If some of the minions are down during this process, the workflow continues as follows:

  1. If timeout is reached before getting all expected responses from minions, then Salt master would trigger *another* job (a Salt find_job job) targeting only pending minions to see if the job is already running on the minion.
  2. Now gather_job_timeout goes into the stage. A new counter is now triggered.
  3. If this new find_job job responses that the original job is actually running on the minion, then Salt master will wait to get that minion response.
  4. In case of reaching gather_job_timeout without having any response from a minion (nor for initial test.ping job, nor for find_job), Salt master will return with only the gathered responses from responding minions.


Currently SUMA globally set these timeout and gather_job_timeout to 120 seconds each one. So, in worst cases, a Salt call targeting unreachable minions will end up with 240 seconds of waiting until getting a response.

Synchronous calls with unreachable Salt minions.

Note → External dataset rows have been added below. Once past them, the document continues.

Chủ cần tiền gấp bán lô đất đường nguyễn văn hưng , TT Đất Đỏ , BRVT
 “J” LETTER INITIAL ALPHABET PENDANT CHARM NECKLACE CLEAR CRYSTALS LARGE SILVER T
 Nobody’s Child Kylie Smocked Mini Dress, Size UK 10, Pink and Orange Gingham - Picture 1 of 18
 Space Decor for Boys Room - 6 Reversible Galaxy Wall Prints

A presence ping mechanism

In order to prevent waiting until timeout are reached when some minions are down, we've introduced a so call "presence mechanism" for Salt minions.

From SUMA 3.0.5+ on, this presence mechanism checks for unreachable Salt minions when SUMA is performing synchronous calls to these minions, and it excludes unreachable minions from that call. Synchronous calls are going to be displaced in favor of asynchronous calls but still being used currently during some workflow.

The new introduced presence mechanism triggers a Salt test.ping with a custom and fixed short Salt timeouts values. Defaults Salt values for the presence ping are: timeout = 4 and gather_job_timeout = 1. This way, we obtain what targeted minions are unreachable in a short time, and then we can exclude them from the synchronous call.


Overriding Salt presence timeouts values (/etc/rhn/rhn.conf)

SUMA administrators are able to increase or decrease defaults presence ping timeouts values by uncommenting and setting the desire value for `salt_presence_ping_timeout` and `salt_presence_ping_gather_job_timeout` options in `/etc/rhn/rhn.conf`:

   # SUSE Manager presence timeouts for Salt minions
   # salt_presence_ping_timeout = 4
   # salt_presence_ping_gather_job_timeout = 1


Salt SSH Minions (SSH Push)

Salt SSH minions are slightly different that regular minions (zeromq). In this case, they don't use Salt PUB/RET channels but a wrapper salt command inside an ssh call. Salt timeout and gather_job_timeout are not playing a role here.

SUMA defines a timeout for SSH connection in /etc/rhn/rhn.conf:

  # salt_ssh_connect_timeout = 180

The presence ping mechanism is also working with SSH minions. In this case, SUMA will use salt_presence_ping_timeout to override the default timeout value for SSH connections.